L’opinione pubblica si è molto interessata a questioni come la tutela dei grandi polmoni d’ossigeno del mondo (la foresta amazzonica in primo luogo) trascurando come al solito, perché fa meno notizia, il fatto che nel futuro prossimo venturo la gestione delle risorse e la sua tutela vedrà l’uomo stesso quale artefice e pianificatore. Intendiamo dire che la tutela del patrimonio mondiale non passa solo dalla protezione delle grandi aree verdi del pianeta ma anche e soprattutto, in un’ottica di gestione delle risorse del futuro, dalla pianificazione e promozione della superficie terrestre verso una nuova ridistribuzione del “verde”. Il concetto di “verde” si riferisce ovviamente non solo alle superfici boschive, di cui ogni paese si dovrà fare promotore della tutela di una quota parte, ma anche delle produzioni agrarie e agroambientali. 

Noi crediamo che sia più importante trovare urgentemente le regole che evitino la deforestazione che scandalizzarci perché questa avvenga. 

Questo è un modo di fare ambientalismo più corretto. 

Non possiamo dire ai piccoli o grandi distruttori del verde: fermatevi, se poi non ci siamo sforzati di trovare un modo “alternativo” per farli fermare.
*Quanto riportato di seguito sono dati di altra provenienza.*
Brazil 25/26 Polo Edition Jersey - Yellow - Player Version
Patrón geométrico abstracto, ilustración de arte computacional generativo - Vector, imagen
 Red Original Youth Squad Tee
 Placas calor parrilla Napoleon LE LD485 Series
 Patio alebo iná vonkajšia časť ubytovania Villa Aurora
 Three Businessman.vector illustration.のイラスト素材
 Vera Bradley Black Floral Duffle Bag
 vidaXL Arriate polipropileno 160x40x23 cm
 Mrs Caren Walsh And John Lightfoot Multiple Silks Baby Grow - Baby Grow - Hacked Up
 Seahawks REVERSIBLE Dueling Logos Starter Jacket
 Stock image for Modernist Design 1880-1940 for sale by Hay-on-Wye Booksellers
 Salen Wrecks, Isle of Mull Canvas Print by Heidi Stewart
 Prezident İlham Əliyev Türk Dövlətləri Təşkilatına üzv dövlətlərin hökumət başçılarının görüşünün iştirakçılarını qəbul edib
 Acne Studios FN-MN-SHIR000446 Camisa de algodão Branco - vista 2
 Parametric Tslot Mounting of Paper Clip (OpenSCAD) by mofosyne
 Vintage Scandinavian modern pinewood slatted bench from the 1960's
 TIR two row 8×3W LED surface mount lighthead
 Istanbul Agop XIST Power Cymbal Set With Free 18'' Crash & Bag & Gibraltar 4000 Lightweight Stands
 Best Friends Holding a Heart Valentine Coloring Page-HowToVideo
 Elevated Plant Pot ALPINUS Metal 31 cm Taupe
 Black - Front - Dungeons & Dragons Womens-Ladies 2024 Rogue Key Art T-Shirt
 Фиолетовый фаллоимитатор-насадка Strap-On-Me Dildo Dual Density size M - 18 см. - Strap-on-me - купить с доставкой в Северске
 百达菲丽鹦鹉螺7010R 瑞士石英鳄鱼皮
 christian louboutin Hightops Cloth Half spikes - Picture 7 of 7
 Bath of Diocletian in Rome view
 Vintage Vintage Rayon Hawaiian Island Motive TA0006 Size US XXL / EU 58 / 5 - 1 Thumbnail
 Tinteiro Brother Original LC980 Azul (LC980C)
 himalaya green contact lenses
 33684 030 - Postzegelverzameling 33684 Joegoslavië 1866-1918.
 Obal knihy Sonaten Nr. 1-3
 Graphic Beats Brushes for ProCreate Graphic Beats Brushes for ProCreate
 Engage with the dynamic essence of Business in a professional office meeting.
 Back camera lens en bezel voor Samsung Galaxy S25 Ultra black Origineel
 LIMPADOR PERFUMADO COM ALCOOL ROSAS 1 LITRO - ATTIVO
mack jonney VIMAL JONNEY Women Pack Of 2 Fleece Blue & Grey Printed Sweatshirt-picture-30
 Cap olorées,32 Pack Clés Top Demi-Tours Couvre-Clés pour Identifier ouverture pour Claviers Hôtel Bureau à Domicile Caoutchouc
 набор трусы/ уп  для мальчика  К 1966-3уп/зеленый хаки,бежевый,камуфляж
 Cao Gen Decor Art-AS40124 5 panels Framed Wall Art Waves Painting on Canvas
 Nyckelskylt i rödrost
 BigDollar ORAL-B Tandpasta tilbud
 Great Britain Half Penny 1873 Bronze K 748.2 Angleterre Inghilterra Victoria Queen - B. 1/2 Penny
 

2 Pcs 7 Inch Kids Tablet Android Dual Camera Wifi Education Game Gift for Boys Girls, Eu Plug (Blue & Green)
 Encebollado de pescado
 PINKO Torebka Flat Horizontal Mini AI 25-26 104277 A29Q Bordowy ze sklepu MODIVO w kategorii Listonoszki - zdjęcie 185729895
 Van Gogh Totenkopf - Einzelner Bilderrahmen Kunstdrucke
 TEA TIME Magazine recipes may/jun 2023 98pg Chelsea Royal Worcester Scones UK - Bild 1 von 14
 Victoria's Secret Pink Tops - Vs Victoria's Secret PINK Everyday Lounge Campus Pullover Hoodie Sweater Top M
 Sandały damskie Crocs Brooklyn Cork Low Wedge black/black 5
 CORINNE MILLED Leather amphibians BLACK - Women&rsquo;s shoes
Il primo modo è sicuramente più da opinione pubblica (ma non inutile), il secondo modo è più complesso e richiede una cultura scientifica e sociopolitica più “sofisticata” ma molto più coscienziosa. Su questo aspetto vale la pena soffermarci un po’ di più. 

La questione è che proprio i paesi in via di sviluppo sono quelli che utilizzano di più il patrimonio ambientale (tra cui le foreste per la produzione di legname) per poter competere con gli stati più ricchi e tecnologicamente più avanzati. È l’unico modo che hanno per poter diminuire il loro deficit economico con questi. 

Ora da un lato ci scandalizziamo perché questi paesi deforestano e deturpano ma siamo proprio noi (paesi ricchi) a non attuare alcuna politica che tenda a rimuovere le cause di questa malformazione socioeconomica. Per questo abbiamo bisogno di grandi politiche internazionali, non di solo livello finanziario; abbiamo visto che nel mondo globale l’attuazione della Politica basata solo sulla finanza provoca distorsioni ed ingiustizie sociali sempre più macroscopiche.

Sembrerà fuori tema una disquisizione del genere sulla questione della Risorsa Aria, ma dobbiamo imparare a valutare le cose in maniera meno settoriale se vogliamo veramente comprendere e saper affrontare globalmente i problemi del futuro p.v.